SPIRITUAL NURTURE FOR THE INTERIOR JOURNEY, CONNECTING HEARTS & SOULS
Showing posts with label meditation. Show all posts
Showing posts with label meditation. Show all posts

Friday, January 17, 2014

Completing the magical circle

Structure seems to have captured my attention lately. 

Last Saturday we explored Louise Nevelson's work with Artsy Fartsy kids. I took some of the leftover scraps and created my own piece. I loved playing with the the re-cyled pieces of wood, moving and arranging them until they suited me. At one point, it became so hot in the room and we needed more ventilation for the spray-painting booth, that I opened a studio window. As I did, I noticed a scraggly, weather-beaten and warped strip of plywood. Perfect, I thought for my scuplture. I removed the rusted screws and added it. 

And, then I left it for the weekend.

All week, I have been slowly gluing sections together and tweaking the design. After most of it was glued, I realized it wasn't gong to be a wall piece, but could stand on its own and was interesting from all angles. But, it needed something. I removed the one plastic piece, which no longer seemed to fit and shifted the warped plywood from across the front to the top. It's sort of Picasso meets Zen temple. I adore it and the process that bore it!

It is solid, aesthetically pleasing and gives me great pleasure.

At the same time, my brain has been developing some ideas around the skeletal structure and I suspect this process is entirely related to my creative building exercise.

A Thomas Kelly quote from a Sunday Quaker worship sparked my imagination. Something about lingering in "double-minded obedience." The night before, I'd remembered a dream snippet of recognizing to love myself from within. All of this moves me closer to deeply knowing that the seed of God is, indeed, within me. Focusing on this wisdom moves me away from double-mindedness and into deeper relationship with Spirit, wholeness, being, existence, Truth and the eternal.

I mulled this over in worship, primed by the Kelly quote and God's words to Moses from the burning bush: "I am that I am." They have haunted me for some time, though they are such a mystery and their definition, for me, is beyond words; more like an intuitive, bodily knowing.

As I sank deeper into the golden silence, a meditation came to me:
Bathe yourself in love
completely, unlike any
other time
[feel the love]
bubbling up from inside,
trust and go deep
into the Tree-of-Life roots
work your way up your spine;
the entrance is the place in
your sacrum I showed you
you already have deep roots
trust those
take my hand and we'll ascend
toward the nothingness of Love
leave everything else behind


I had an experience last year of journeying through the Tree of Life. This time, I understood the tree represented me, my body and journey. My body is the trunk. My faith is the roots and I am pushing the Christ Energy that I can feel, which is the seed of God, within me up and out the third eye toward this no-thing-ness of Love, void of emotion and thinking; a place of pure being.

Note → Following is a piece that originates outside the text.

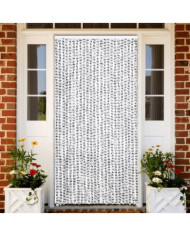Rideau anti-mouches gris clair et gris foncé 100x230cm chenille | Mobilier & Déco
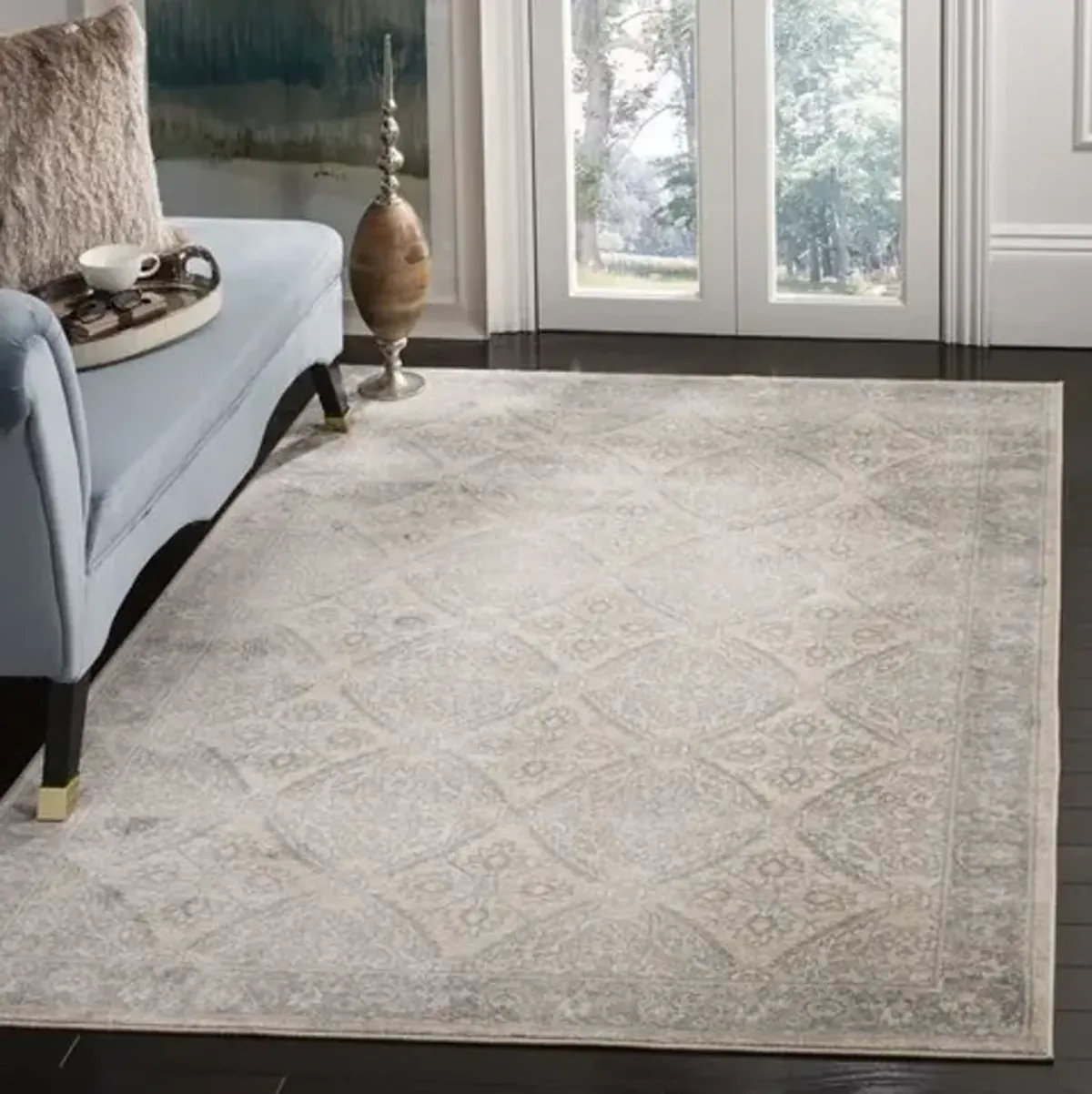 Brentwood 863 Cream / Grey 5' X 5' Square Square Powerloomed Rug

A week later, again in worship, this tree-like skeletal system flashed in my mind and I began to identify other body parts:
• Feet – roots of faith
• Sacrum – where God resides (sacred space)
• Heart – where Jesus lives
• Reproductive organs – creativity
• Head – wisdom/Sophia
• Eyes – awareness
• Hands – compassion
• Ears – discernment and Truth
• Third eye – divine connection

I am grateful to tangibly know this sense of Spirit within my own body and to be able to taste it as I create an outer structure that has given me such joy.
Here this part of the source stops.